BAGHDAD — Five U.S. soldiers died in a roadside bomb blast Monday as fighting raged in Mosul, a northern city identified by Iraqi and American officials as a key hub for Sunni militants.
Soon after the troops' vehicle blew up, unidentified men in a Mosul mosque sprayed gunfire at the rest of the unit, which returned fire, the U.S. Army said in a statement.
Iraqi soldiers stormed the mosque, but the gunmen had fled, according to the statement. The battle lasted nearly an hour, police said. At least 3,940 U.S. soldiers have died in Iraq since 2003, according to icasualties.org, a website that keeps an unofficial tally of American military deaths.
Thirty-six U.S. soldiers have died this month, up from 23 in December, but still a major decline from the first half of 2007, when more than 100 deaths were recorded monthly from April through June. Six of those killed this month died in a booby-trapped house in Diyala province, northeast of the capital.

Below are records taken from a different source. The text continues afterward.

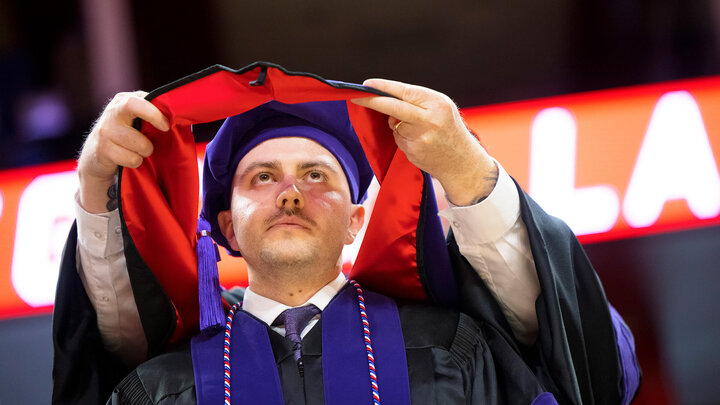 Graduate receiving decoration at Law Commencement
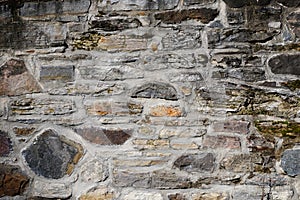 Full frame of an old stonewall built in the 18th century from the historical site of the old forges of Quebec St-Maurice river
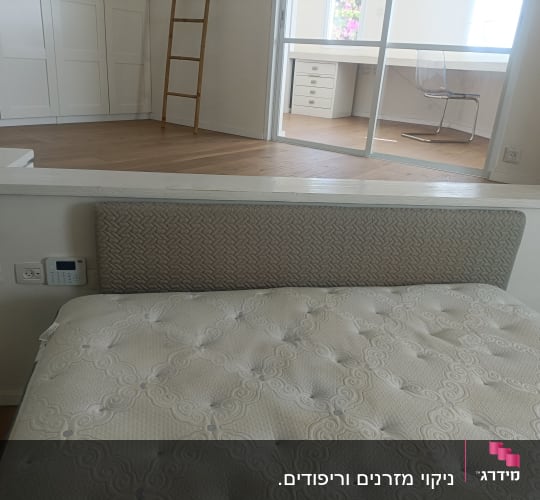 חדר עם מיטה ומזרן, כיסא ושולחן זכוכית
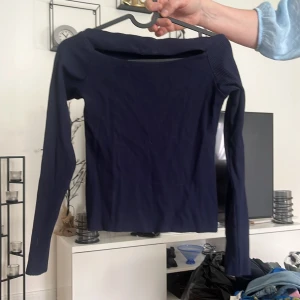 Mörkblå långärmad topp - En mörkblå långärmad topp med en offshoulder-design. 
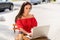 Photo of focused pretty happy young woman sit outside lounge cafe write laptop work outdoors in city center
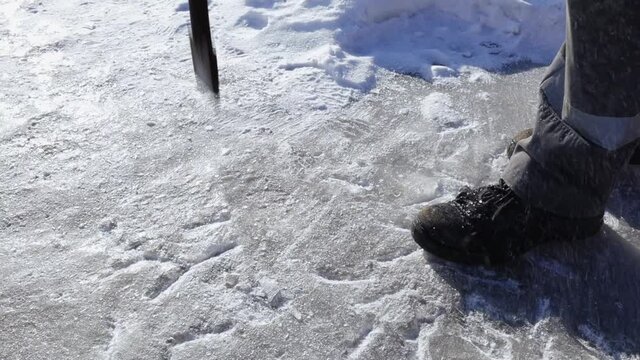 The worker hits the ice with a crowbar and splashes and snow crystals fly. Close-up from the bottom point of the image. Cleaning the sidewalk surface from ice.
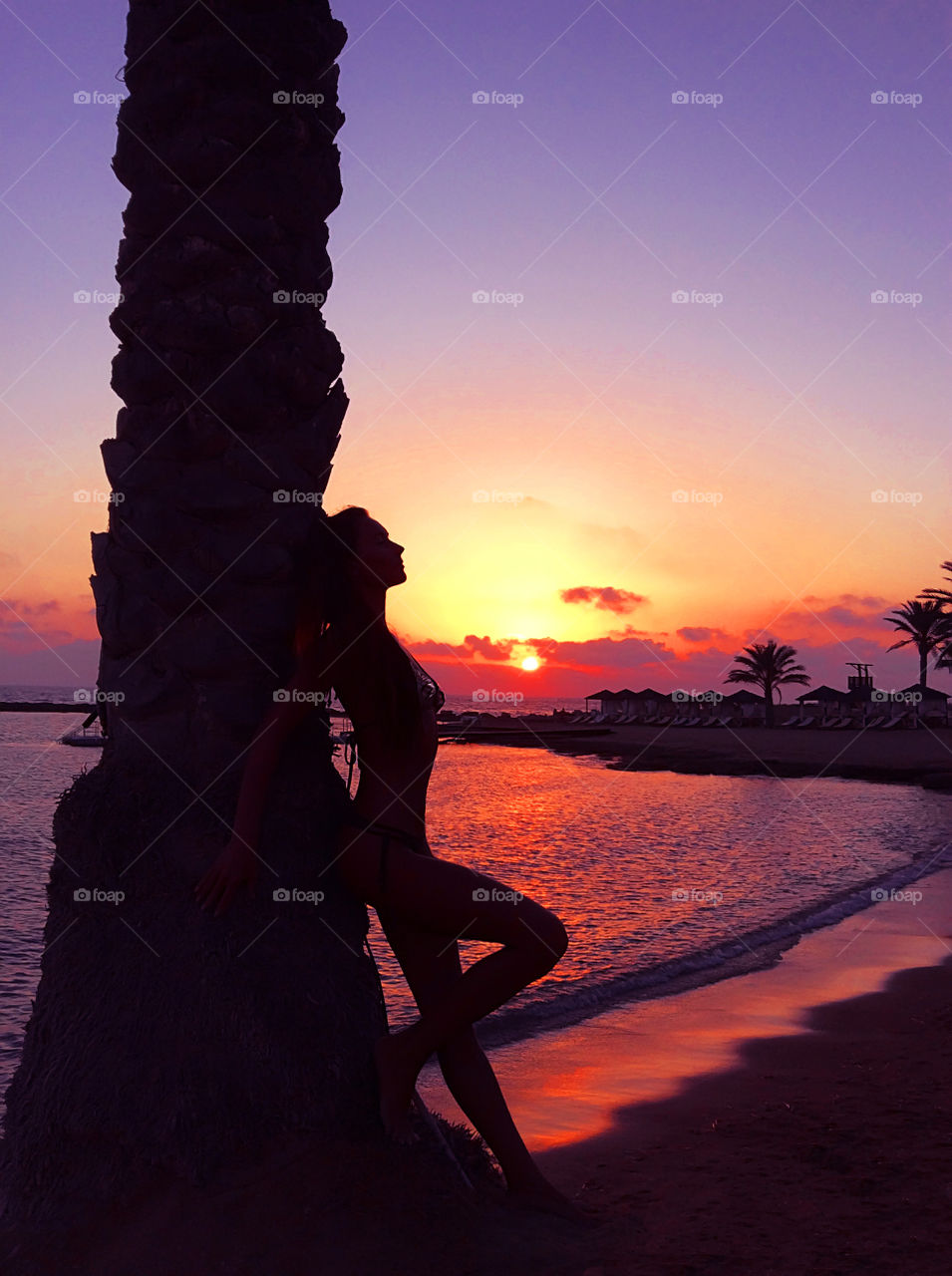 Silhouette of a young woman at the palm tree on sunset at the beach background 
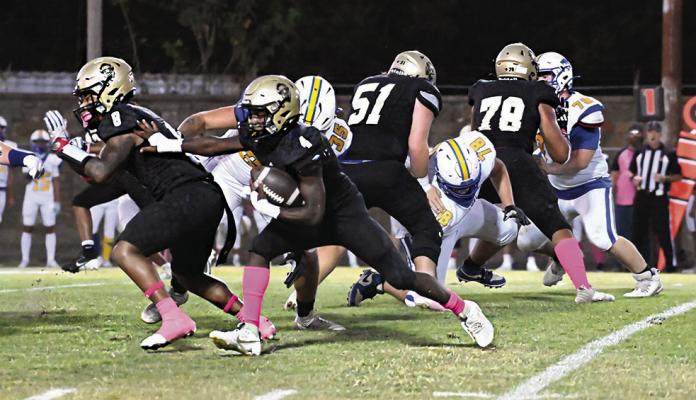 D’AIRREON JEFFRIES follows his downfield blocker Ja’Mari Scroggins as they cut through the Bethel Wildcat defense for a nice gain for the Hugo Buffalo offense. Also sealing off their blocks are Buffalo offensive linemen Jayse Trantham and Keyshawn Miller. Hugo News Photo / Stan Stamper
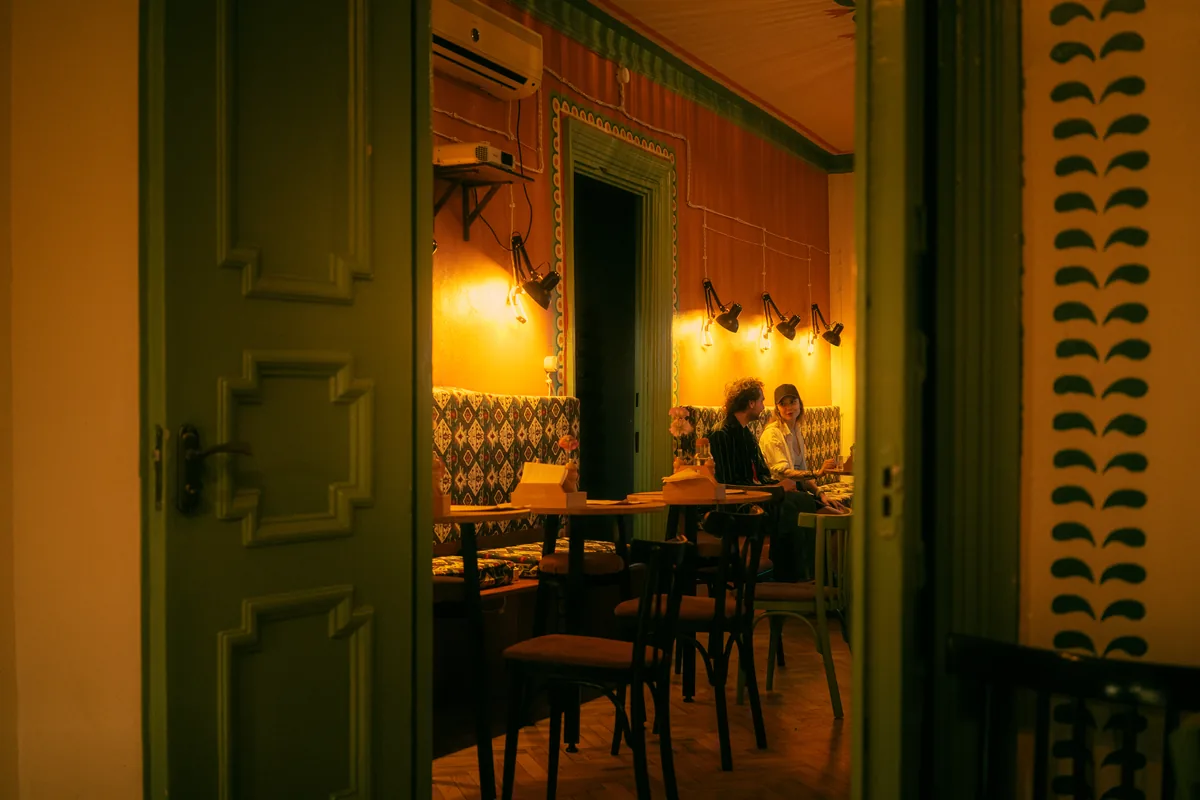 Dining room with a patterned banquette and wall lamps seen through a green door at Crossroads Bistro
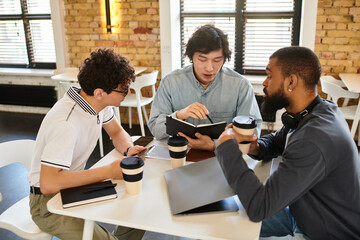 Engaging collaboration among colleagues in a modern office workspace during a brainstorming session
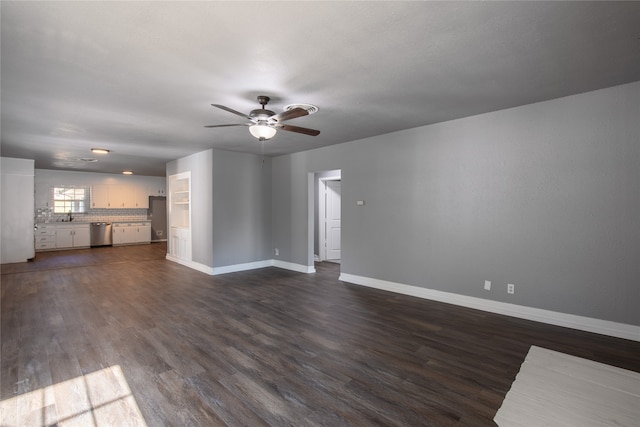 unfurnished living room featuring hardwood / wood-style flooring, sink, and ceiling fan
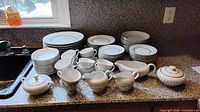 Full assortment of plates, bowls, cups and serving pieces on counter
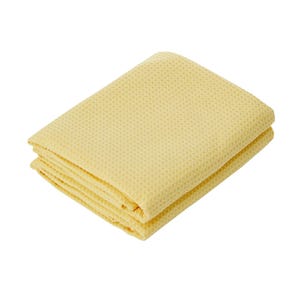 A folded yellow waffle-weave towel against a white background.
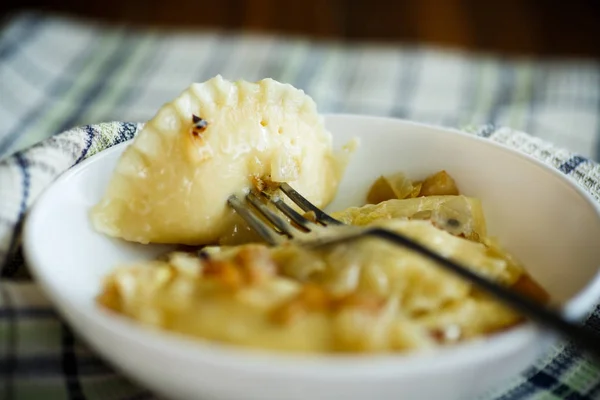 Boiled dumplings with potato filling — Stock Photo, Image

U.S. and Iraqi officials have called Mosul the last urban bastion of Al Qaeda in Iraq after largely quelling violence from the group in Baghdad and the Anbar and Diyala provinces. In November 2004, Sunni Arab insurgents briefly overran the northern city. Many veterans of the late dictator Saddam Hussein's army reside in Mosul and are believed to have lent their expertise to Sunni fighters opposed to the new U.S.-backed government.
U.S. military spokesman Rear Adm. Greg Smith on Jan. 20 labeled Mosul the one Iraqi city that remains "a center of influence" for Sunni radicals. Three thousand U.S. troops are stationed in the region around Mosul, which is home to 1.7 million people and is fraught with tensions between Arabs and Kurds.
"Mosul was used for a long time as a hub between the Syrian borders and the rest of Iraq. It is also a province with a contentious ethnic fault line with the Kurdistan regional government," said Iraq's national security advisor, Mowaffak Rubaie.
Additional Iraqi tanks and aircraft arrived in Mosul on Sunday as Iraqi officials vowed to root out Al Qaeda in Iraq after a booby-trapped building exploded Wednesday. Initial reports said 34 people died in the blast, but an Iraqi Red Crescent Organization report released over the weekend said 60 had been killed. A suicide bomber killed the police chief of Nineveh province Thursday.